Убивство и неупокоенные духи. Робертсон Дэвис
с шекспировским расположением ума не подойдешь. Нет-нет, мальчик мой: ввысь нас ведет именно Вечная Женственность, как весьма удачно выразился Гёте, разменяв девятый десяток.
– О боже, Гёте! Я так и знал, что ты до него дойдешь.
– Да, Гёте. Он стоит целого полка твоих богословов.
Спорить с Хью было бесполезно. Когда он так бойко пыхтел трубкой, в нем бушевал кельтский дух. Если у Хью есть небесный покровитель – мужского пола – это, несомненно, Огма, кельтский бог красноречия. Кельты считали золотом слово, а не молчание.

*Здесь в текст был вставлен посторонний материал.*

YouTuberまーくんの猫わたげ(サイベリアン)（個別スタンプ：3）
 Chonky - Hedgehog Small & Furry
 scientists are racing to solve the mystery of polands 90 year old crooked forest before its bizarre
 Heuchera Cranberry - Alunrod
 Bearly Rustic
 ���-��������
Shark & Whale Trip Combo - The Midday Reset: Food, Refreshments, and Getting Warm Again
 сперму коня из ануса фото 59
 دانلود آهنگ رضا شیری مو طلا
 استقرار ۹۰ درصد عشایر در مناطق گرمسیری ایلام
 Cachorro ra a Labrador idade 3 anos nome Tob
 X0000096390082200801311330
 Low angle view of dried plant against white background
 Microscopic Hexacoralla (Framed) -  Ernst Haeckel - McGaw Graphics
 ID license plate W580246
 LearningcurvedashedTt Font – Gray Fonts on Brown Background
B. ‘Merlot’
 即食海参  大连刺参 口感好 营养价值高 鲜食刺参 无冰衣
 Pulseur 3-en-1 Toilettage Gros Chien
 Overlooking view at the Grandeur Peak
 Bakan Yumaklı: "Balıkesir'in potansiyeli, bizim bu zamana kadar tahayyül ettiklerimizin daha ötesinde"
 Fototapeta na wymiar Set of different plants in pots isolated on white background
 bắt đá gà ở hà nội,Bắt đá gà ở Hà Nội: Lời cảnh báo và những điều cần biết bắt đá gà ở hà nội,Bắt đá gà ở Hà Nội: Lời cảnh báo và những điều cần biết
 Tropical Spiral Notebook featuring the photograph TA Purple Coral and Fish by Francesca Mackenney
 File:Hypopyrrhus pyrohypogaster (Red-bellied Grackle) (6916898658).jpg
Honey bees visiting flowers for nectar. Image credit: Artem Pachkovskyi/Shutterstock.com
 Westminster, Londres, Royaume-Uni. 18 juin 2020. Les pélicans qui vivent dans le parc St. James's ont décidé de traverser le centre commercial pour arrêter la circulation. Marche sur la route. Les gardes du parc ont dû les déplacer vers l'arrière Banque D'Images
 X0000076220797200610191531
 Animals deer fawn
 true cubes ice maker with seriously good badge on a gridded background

Спорить с таким человеком безнадежно, ибо он умело орудует иррациональным и не относящимся к делу, что, надо сказать, придает великолепный размах его богословским построениям: в них любое убеждение ценно и любое – абсурдно. Когда тебе напоминают о мелкотравчатости твоего собственного интеллекта перед лицом великих тайн, это действует освежающе.
(10)
Но где же эти великие тайны? Я, похоже, завис среди небытия, и ничто не предвещает дальнейшего развития. Несомненно, у меня есть чувства. Возможно, точнее будет сказать – эмоции. Я забавляюсь и наслаждаюсь созерцанием той части земной жизни, которую могу наблюдать и из которой меня так безвременно вырвали. Эсме уже написала пару неплохих статей, в которых повествует, как справляется с тяжелой утратой. Я знаю, что теперь она подумывает разработать тему глубже и создать пособие для вдов. Что я по этому поводу чувствую? Я не то чтобы охладел к Эсме, но ее манера бодро извлекать из всего прибыль начинает несколько раздражать. Что касается Алларда Гоинга, мне смешно смотреть, как он страдает и как изобретает казуистические оправдания, убеждая себя, что он вовсе не убийца, но несчастная жертва обстоятельств. Однако я его презираю, ненавижу и полон решимости навредить ему как следует, если получится.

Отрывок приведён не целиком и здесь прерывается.